__What the exercise asks__: Write out again, exactly, the lines below starting at the one with "New Women's Jewelry" and ending at the one with "2018 Toyota Tacoma SR5".

__Data records__:
= = = = = = =

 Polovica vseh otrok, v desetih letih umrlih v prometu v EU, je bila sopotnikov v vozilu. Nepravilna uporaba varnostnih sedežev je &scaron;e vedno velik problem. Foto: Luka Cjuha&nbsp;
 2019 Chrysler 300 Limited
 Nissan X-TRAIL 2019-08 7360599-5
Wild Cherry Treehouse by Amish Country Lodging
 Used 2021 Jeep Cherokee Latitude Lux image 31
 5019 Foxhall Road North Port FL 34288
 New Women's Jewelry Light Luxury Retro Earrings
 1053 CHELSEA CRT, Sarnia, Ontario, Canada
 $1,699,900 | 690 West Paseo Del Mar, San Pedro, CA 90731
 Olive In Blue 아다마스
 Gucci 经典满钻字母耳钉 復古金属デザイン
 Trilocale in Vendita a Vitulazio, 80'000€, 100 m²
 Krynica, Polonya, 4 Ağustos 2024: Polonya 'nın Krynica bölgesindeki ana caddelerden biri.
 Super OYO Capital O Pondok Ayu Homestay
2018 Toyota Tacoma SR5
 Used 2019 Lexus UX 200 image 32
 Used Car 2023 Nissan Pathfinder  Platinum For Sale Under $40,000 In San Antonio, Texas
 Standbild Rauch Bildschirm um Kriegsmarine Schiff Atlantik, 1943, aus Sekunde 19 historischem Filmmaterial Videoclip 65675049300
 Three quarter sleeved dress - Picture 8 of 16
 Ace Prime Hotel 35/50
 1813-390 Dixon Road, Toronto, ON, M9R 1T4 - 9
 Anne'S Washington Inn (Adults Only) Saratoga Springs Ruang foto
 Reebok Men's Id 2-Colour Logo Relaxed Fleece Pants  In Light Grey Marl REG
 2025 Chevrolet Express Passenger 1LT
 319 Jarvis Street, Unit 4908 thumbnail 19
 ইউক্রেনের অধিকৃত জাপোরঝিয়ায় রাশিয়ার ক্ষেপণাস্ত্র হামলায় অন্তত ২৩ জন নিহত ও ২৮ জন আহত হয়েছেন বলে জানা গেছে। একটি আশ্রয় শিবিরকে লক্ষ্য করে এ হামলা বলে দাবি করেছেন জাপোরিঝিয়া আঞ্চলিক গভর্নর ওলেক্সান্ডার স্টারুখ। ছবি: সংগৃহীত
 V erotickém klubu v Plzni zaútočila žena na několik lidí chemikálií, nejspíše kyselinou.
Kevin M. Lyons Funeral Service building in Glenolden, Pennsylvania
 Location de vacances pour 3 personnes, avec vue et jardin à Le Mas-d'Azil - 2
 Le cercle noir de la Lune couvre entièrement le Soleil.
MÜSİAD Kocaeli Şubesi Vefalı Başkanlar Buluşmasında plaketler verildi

= = = = = = =

__Solution to the problem__:
 New Women's Jewelry Light Luxury Retro Earrings
 1053 CHELSEA CRT, Sarnia, Ontario, Canada
 $1,699,900 | 690 West Paseo Del Mar, San Pedro, CA 90731
 Olive In Blue 아다마스
 Gucci 经典满钻字母耳钉 復古金属デザイン
 Trilocale in Vendita a Vitulazio, 80'000€, 100 m²
 Krynica, Polonya, 4 Ağustos 2024: Polonya 'nın Krynica bölgesindeki ana caddelerden biri.
 Super OYO Capital O Pondok Ayu Homestay
2018 Toyota Tacoma SR5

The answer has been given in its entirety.